Chart of the Day: Which personalization techniques are most popular?
There are now many website personalization services available (our listing identifies 28), but how popular are they? This new research is useful to businesses considering adopting website personalization since it explores how many businesses are using different types of personalization.
The benefits of personalization are compelling, regardless of the type of business. Once set up, it can automatically deliver an improved customer experience and increase conversion by recommending relevant products and customers to nudge visitors along the customer journey. Such recommendations services are well-known and widely deployed in ecommerce, especially retail, but there are options to use them in other sectors like travel and financial services. Our article identifies 4 categories including B2B, where personalization services can recommend the ‘next-best content’ to nurture prospects.
How Widely Adopted Are Different Personalization Techniques?
Across all companies surveyed, more companies are using personalization for email marketing (72%) compared to Website (57%) and mobile website (28%). This suggests that businesses either find email personalization easier to set up or more valuable.
Which parts of the website are personalization being used on?
The chart shows that just because a personalization tool has been adopted, it’s not necessarily being used across the whole customer journey.
Homepages and ‘interior pages’ recommendations, presumably category and product pages are most popular. Personalising navigation and search are less common.

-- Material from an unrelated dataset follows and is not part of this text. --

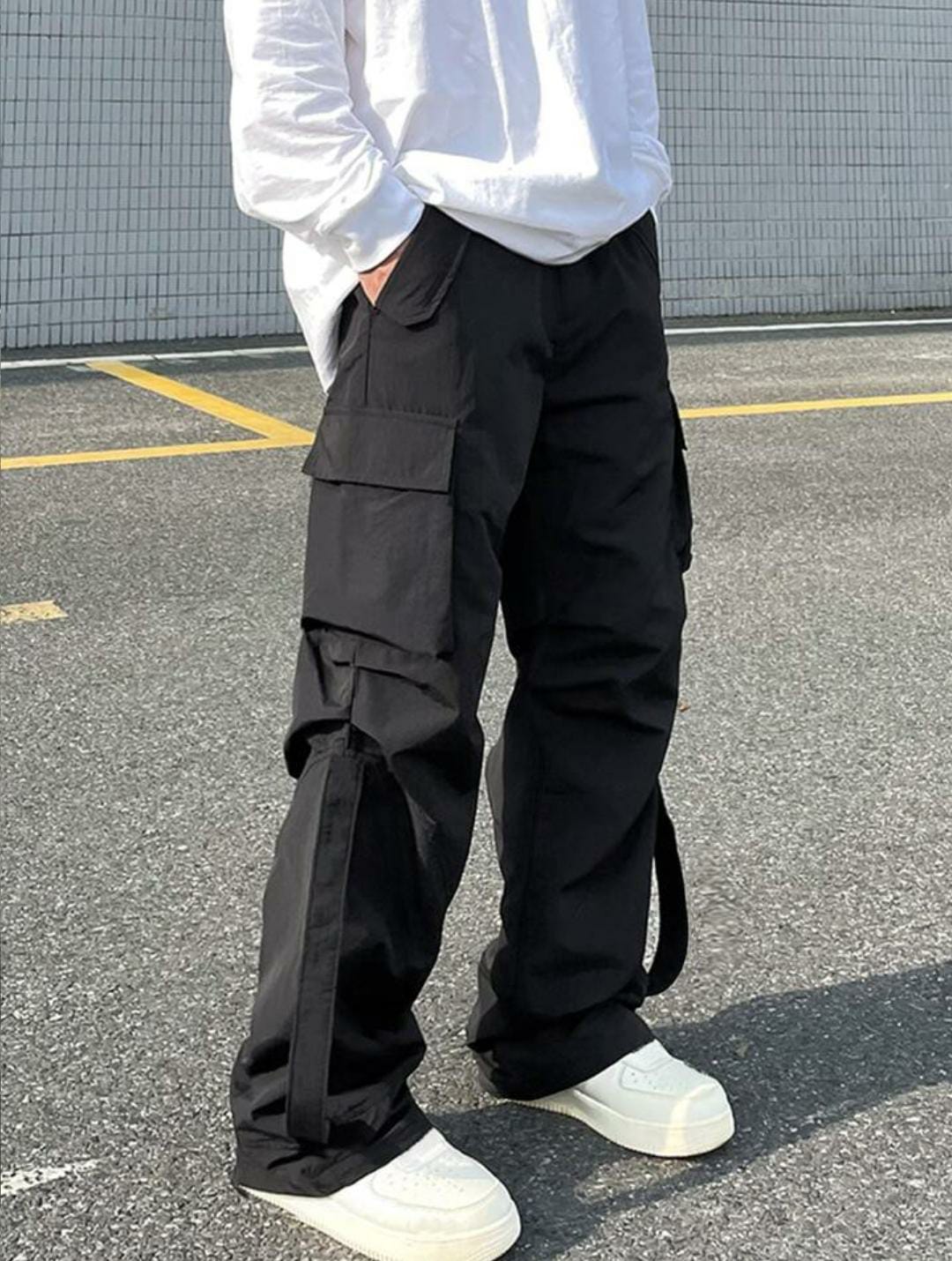 EMRG Men Flap Pocket Side Cargo Pants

Is Machine Learning or algorithmic targeting being used for personalization?
Given the hype on artificial intelligence, it was interesting to see a question on this. The majority (67%) are still using the classic rules-based personalization, but a quarter are using rules plus machine learning which we can expect to be the future pattern.
Which criteria are used for targeting visitors?
Criteria for targeting include both automatically observed behaviours or characteristics such as content viewed, location or device and disclosed demographic profile information such as gender or company sector (although this can potentially be inferred).
The research shows that both observed and disclosed criteria top the list. It is surprising to see that stage of the customer journey is relatively low since nurturing with different content through the customer lifecycle is a key benefit of personalization.
Which criteria are used for measuring personalization?
No surprises here, conversion tops the list since whether it is B2B or B2C companies are typically using personalization to boost conversion to lead or sale. Revenue (measured by revenue per visit) is relatively low since the sample included many B2B companies for which personalization is less relevant. It is interesting to see that the impact on customer satisfaction after implementing a personalization programme is also used by some businesses.
What improvement in revenue can personalization deliver?
This is a useful chart for benchmarking since it can support the business case and is also useful for expectation setting. It would be interesting to see this broken down by sector and to know whether the lift is measured by clickthrough rates or revenue.
The survey suggests that personalization shouldn’t be seen as a ‘silver-bullet’, with nearly half of companies gaining less than 10% uplift, which given the cost of implementing personalization may mean that a positive ROI isn’t achieved. However, these may be limited deployments not using all the features and 43% are seeing an uplift of 10 to 30% which is compelling regardless of how you are measuring lift.